- Task requirements -
Each line of the data below should be restated exactly, with images left out.

- Data shown -

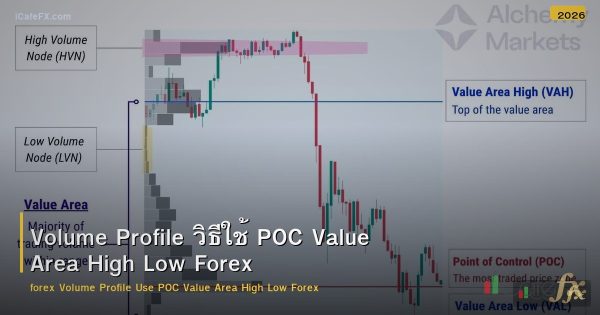 Volume Profile วิธีใช้ POC Value Area High Low Forex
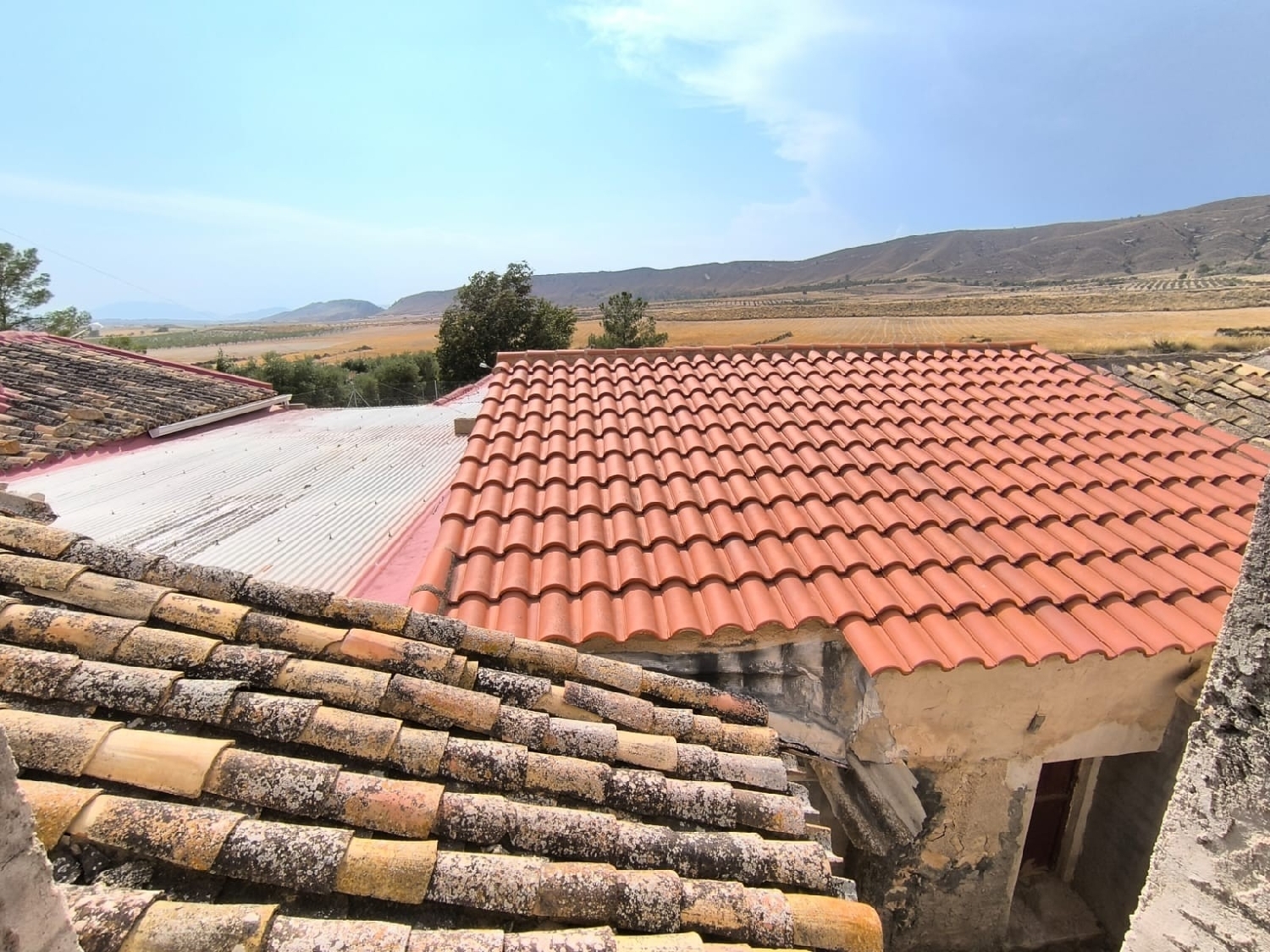 kaufen Landhaus Jumilla Altiplano 3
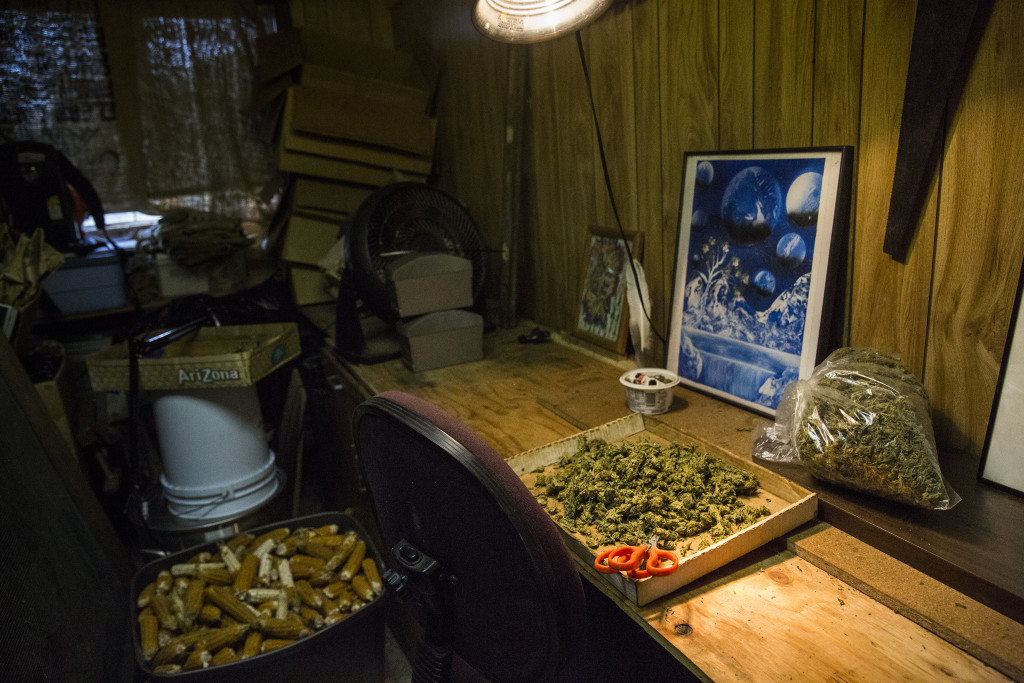 In this posed photograph, marijuana buds are displayed on a table where marijuana is usually trimmed by immigrant workers, in Petrolia, CA, on May 24, 2016. (Andrew Burton, Reveal)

- Output for this exercise -
 Volume Profile วิธีใช้ POC Value Area High Low Forex
 kaufen Landhaus Jumilla Altiplano 3
 In this posed photograph, marijuana buds are displayed on a table where marijuana is usually trimmed by immigrant workers, in Petrolia, CA, on May 24, 2016. (Andrew Burton, Reveal)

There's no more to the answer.